Following his two records Trading Change and Critical As Water, catapulting the artist towards national popularity and beyond, this year saw the release of several fresh tunes, most recently Til I Found You, which shines with the quintessential Jeremy Loops glow. At the root of it a song about love and letting go’, he explains, the track is a passionate and demanding confrontation to break through the circles of pain and rejection. 

‘I feel like a lot of this year, for myself and for many people, it is really about finding out who you are’, he reflects, going on: ‘A lot of us really had to go inwards this year, trying to find their essence’. ‘Til I Found You captures that vibe, channeling the sense of desperation about a broken order. Yet, it is intensely reaching out, longing for a redemptive moment and it feels like it will not stop until it gets there.

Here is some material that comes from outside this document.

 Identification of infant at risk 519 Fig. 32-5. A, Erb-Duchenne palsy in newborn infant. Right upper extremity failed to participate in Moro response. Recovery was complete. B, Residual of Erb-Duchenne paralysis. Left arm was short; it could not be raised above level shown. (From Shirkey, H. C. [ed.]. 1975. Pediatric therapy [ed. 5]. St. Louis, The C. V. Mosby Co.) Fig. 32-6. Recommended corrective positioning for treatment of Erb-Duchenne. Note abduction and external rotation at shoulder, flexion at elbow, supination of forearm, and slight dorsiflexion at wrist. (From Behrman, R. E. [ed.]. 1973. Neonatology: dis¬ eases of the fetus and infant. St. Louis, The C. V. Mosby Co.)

‘The less you understand your own essence, the less you are able to really love someone for who they are and accept them. It’s a process of healing oneself first, so that one can be whole and find what this true love is supposed to be all about. It’s a song about the search for the centre and what the search for the centre being complete for the search of this true love concept.’

‘Take these things away from me
These useless bits I’ll never need
Stop my breath, so I’ll be free’

[’Til I Found You]

“A beautiful balance”

‘For this song I really was trying to find a beautiful balance between acoustic instruments and my rough vocals’, Jeremy adds. ‘In the chorus it’s got really like a dirty, catchy base line’, which sets itself apart from the acoustic vibe of the verse parts. ‘When I was writing the song I had the feeling that this song, a very acoustic sounding song, I knew that it could be something really special’, he adds. The way these elements flow together, along with the self-directed video, the tune produces a roaring echo of what the musician put into the message: ‘We have to keep chasing grace.’

Photo by Ben Brown

‘I wanted to keep this thing sounding very acoustic, but I wanted to find a way that when it hits the chorus, we want to start dancing. You want to start moving your legs. So it’s all about the drums and all about the base. Also, the song sounds like it’s finished, but it also sounds modern and acoustic at the same time.’

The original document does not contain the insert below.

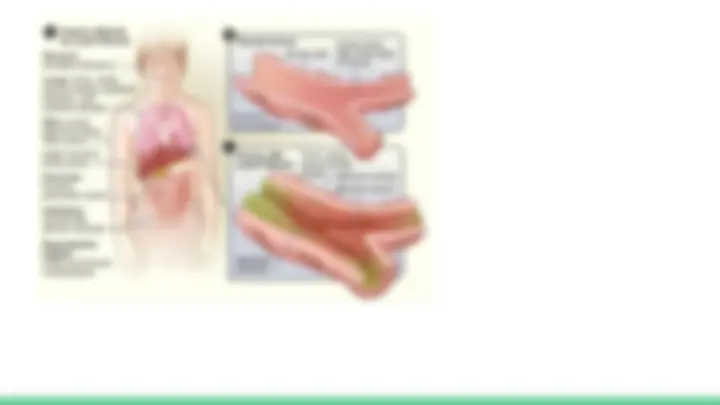 pfe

“Looking for a revolution”

It is always refreshing to talk to musicians who not only translate their hopes for the world into musical bits, but are trying to make change happen on a grander scale, and Jeremy Loops is certainly one of them. Just ahead of his breakthrough in South Africa, he co-founded the ecological initiative Greenpop, which aims to protect and restore ecosystems. Also, he recently founded The Big Food Drive, a crowdfunding campaign delivering food to the poorest communities in South Africa.

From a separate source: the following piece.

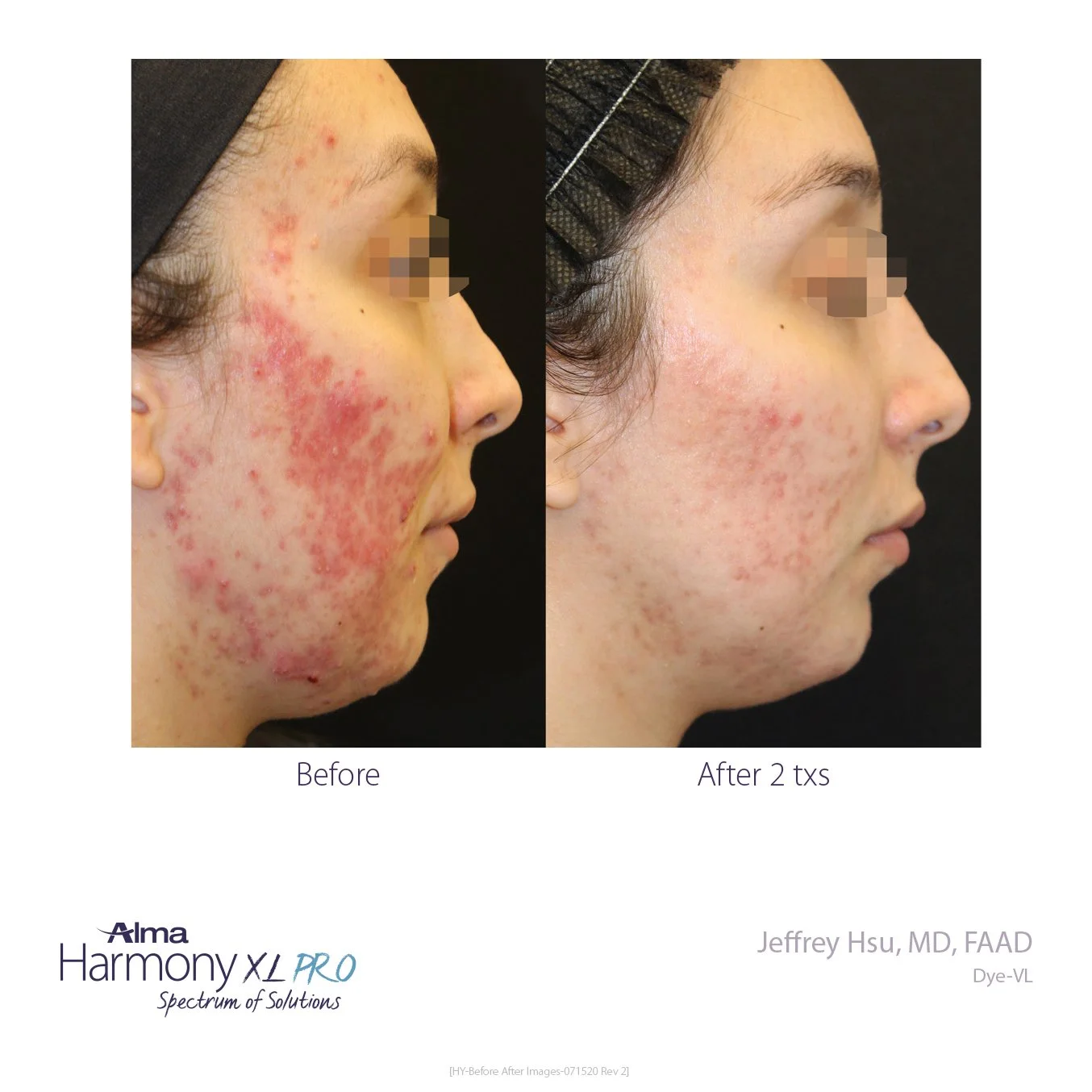 HY-Before-and-After-B2C-06.jpg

‘There is no easy way for change to happen’, he says, ‘and it’s clear that the world is not in a good space right now’. A lot of good stuff is happening, ‘but there are a lot of old ideas dominating and a lot of people who were previously disadvantaged or kept in the sidelines’,

he adds and also voices his frustrations over the state of progress right now:

‘For most of my career I felt that we are fighting a bit of a losing battle. We are doing treeplanting with Greenpop or environmentalism or food distribution. And it always just feels like we’re scratching the surface.’ 

And yet, just as in his music, Jeremy Loops keeps an eye on more hopeful prospects, and the absolute belief that change is possible. If everyone could only be a part of that:

‘The big first-world countries are far more worried about keeping the status quo, rather than thinking about how one changes and adapt the system for equality for everyone. I think,eventually that is going to have to change. Whether the change is peacefully or not, willdepend on the governments and institutions holding that power, whether they adapt. I’m looking for a revolution for sure.’